We will now prove that every Cauchy sequence has a limit on the Real number line. Try this: (a) Prove that a Cauchy sequence is bounded. The proof is similar to the proof of theorem 1.7, that a convergent sequence is bounded. (b) Because it is bounded, the Cauchy sequence has a cluster point. Prove that it can't have more than one. The proof is similar to the proof of theorem 1.6, that a convergent sequence can't have more than one limit. (c) Prove that if a bounded sequence has only one cluster point C, then it must be a limit.
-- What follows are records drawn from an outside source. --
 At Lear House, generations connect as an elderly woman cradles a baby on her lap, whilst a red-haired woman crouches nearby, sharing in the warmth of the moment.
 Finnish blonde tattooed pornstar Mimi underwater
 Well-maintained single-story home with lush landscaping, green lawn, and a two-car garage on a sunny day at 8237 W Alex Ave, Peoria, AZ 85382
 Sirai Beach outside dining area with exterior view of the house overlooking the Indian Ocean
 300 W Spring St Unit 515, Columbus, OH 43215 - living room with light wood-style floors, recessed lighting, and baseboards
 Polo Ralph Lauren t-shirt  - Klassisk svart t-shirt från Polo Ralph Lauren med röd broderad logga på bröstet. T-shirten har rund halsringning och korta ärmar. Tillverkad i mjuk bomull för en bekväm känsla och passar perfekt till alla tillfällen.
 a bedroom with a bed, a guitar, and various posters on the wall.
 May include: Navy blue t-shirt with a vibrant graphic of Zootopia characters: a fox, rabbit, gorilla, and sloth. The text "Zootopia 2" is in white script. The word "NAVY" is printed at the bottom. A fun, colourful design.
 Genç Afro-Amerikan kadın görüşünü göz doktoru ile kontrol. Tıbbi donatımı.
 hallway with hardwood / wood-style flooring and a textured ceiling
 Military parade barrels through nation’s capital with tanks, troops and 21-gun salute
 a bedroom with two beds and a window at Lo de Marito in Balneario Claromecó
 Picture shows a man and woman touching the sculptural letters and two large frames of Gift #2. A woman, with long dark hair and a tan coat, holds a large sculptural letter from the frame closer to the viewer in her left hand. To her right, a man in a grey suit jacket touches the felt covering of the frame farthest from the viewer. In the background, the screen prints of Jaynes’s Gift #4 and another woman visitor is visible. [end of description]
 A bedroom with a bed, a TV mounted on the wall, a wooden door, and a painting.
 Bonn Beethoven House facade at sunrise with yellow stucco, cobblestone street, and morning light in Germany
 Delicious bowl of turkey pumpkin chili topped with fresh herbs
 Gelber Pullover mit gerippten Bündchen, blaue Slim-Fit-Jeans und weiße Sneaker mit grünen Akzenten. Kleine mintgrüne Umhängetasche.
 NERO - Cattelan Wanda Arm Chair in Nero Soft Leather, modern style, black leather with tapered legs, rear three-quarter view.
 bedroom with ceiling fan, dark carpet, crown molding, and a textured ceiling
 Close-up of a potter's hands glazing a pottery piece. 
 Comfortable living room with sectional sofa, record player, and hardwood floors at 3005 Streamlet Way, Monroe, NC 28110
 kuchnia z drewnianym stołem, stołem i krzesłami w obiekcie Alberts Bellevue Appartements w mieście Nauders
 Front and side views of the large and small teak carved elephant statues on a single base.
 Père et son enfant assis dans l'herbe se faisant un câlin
Hint: if you remove all the sequence elements within an interval of C, and you have infinitely many elements left over, isn't that still a bounded infinite sequence?

Explanation / Answer

a)we know that every cauchy sequence is convergent.and all convergent sequences are bounded.hence cauchy sequences is bounded.

b)we know a result that a sequence is convergent iff it is bounded and a unique limit point.all cauchy sequences are convergent.hence all cauchy sequences has a unique limit point.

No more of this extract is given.